## Data extract
▬▬▬▬▬▬

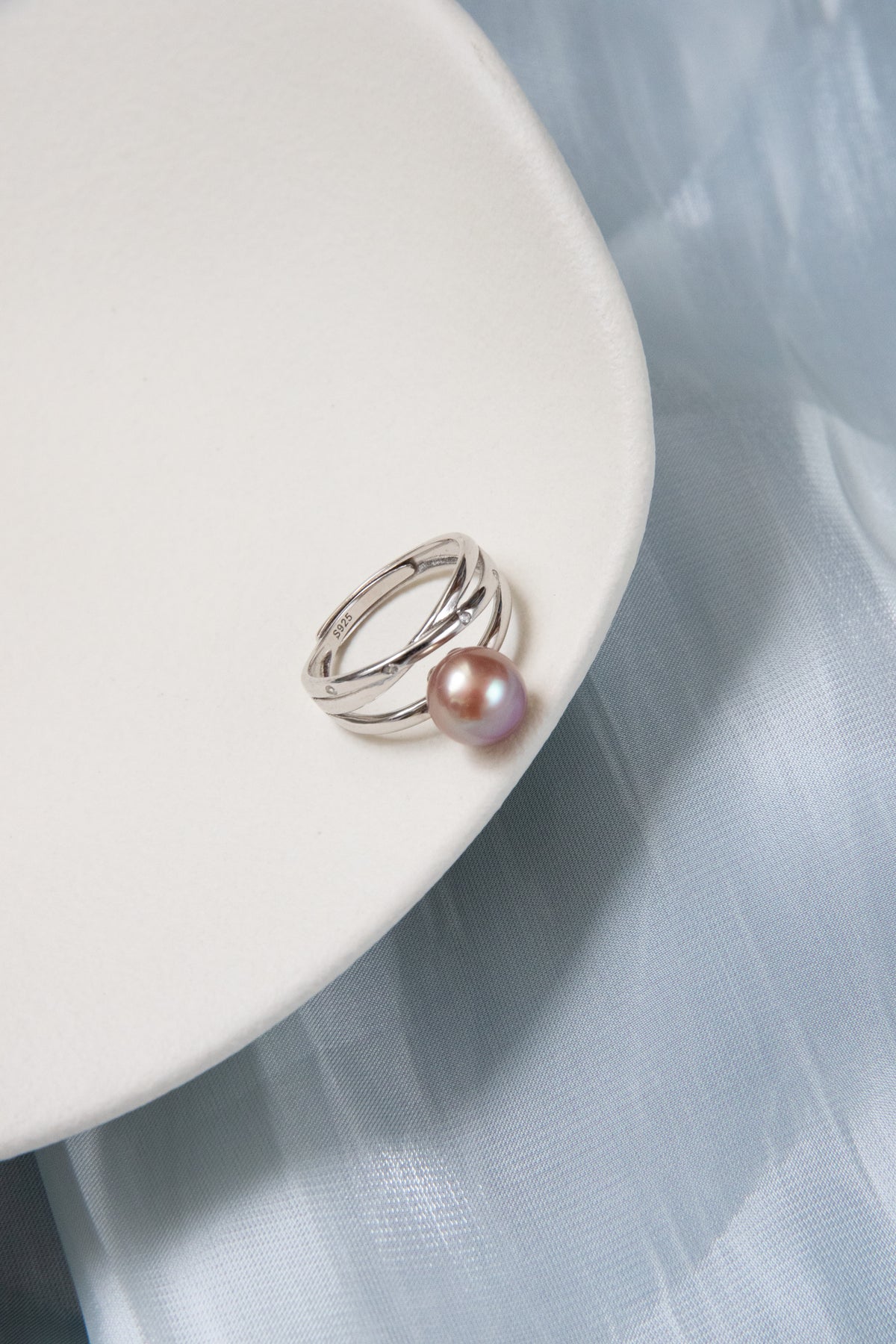 Blossom in her heart Small pink pearl ring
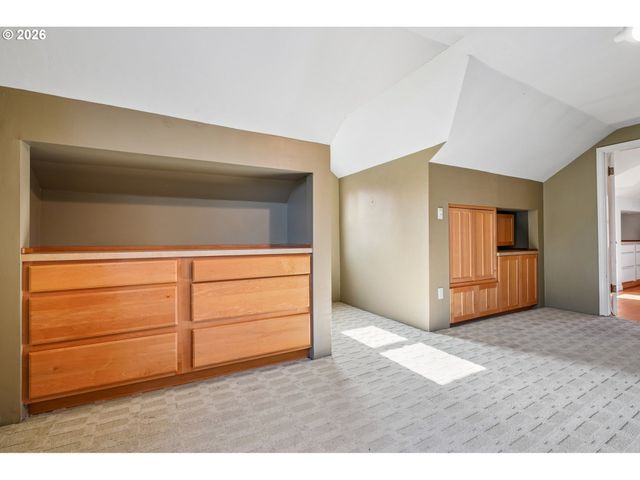 725 N FARRAGUT St, Portland, OR 97217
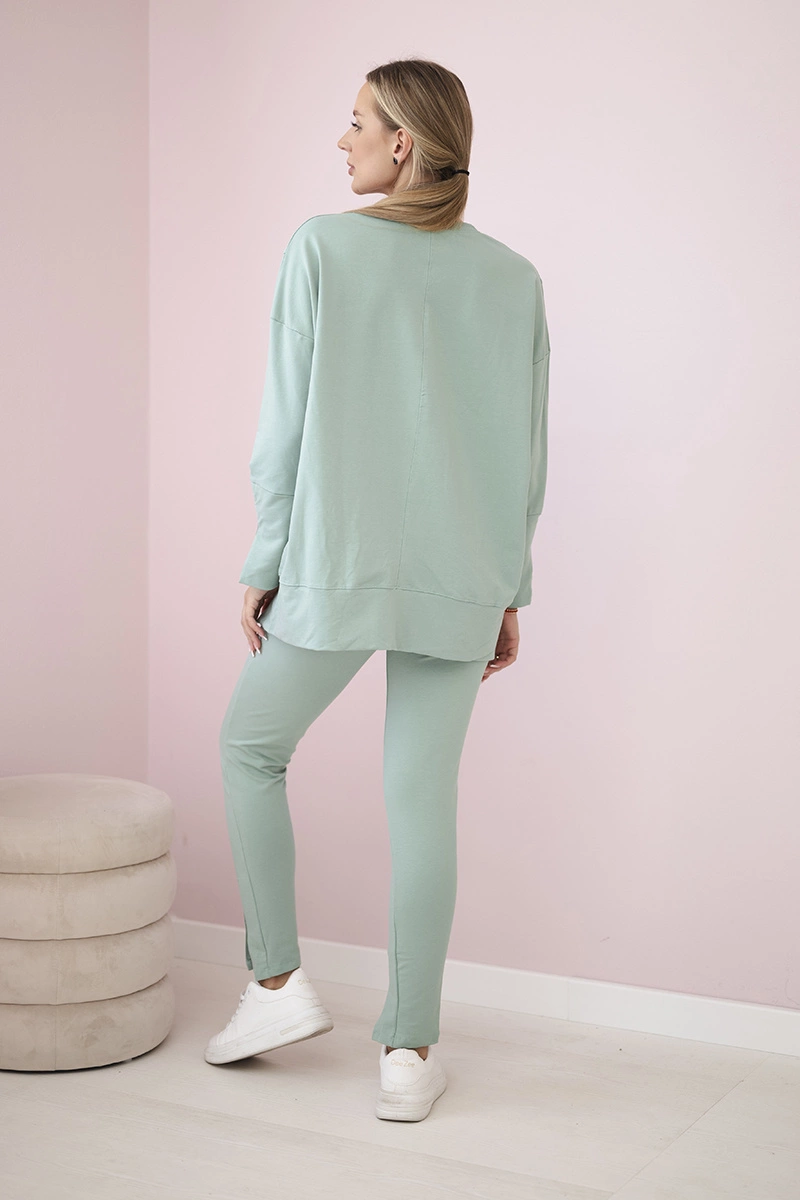 Set with oversize blouse in dark mint color
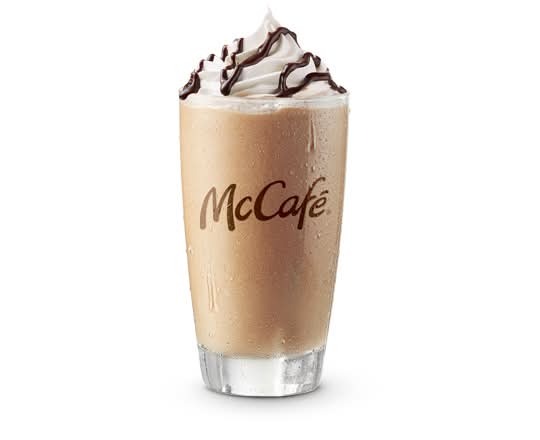 Moyen Café frappé + crème fouettée + coulis au choc. [590.0 Cal]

▬▬▬▬▬▬

Apart from its pictures, the data is to be repeated exactly.

 Blossom in her heart Small pink pearl ring
 725 N FARRAGUT St, Portland, OR 97217
 Set with oversize blouse in dark mint color
 Moyen Café frappé + crème fouettée + coulis au choc. [590.0 Cal]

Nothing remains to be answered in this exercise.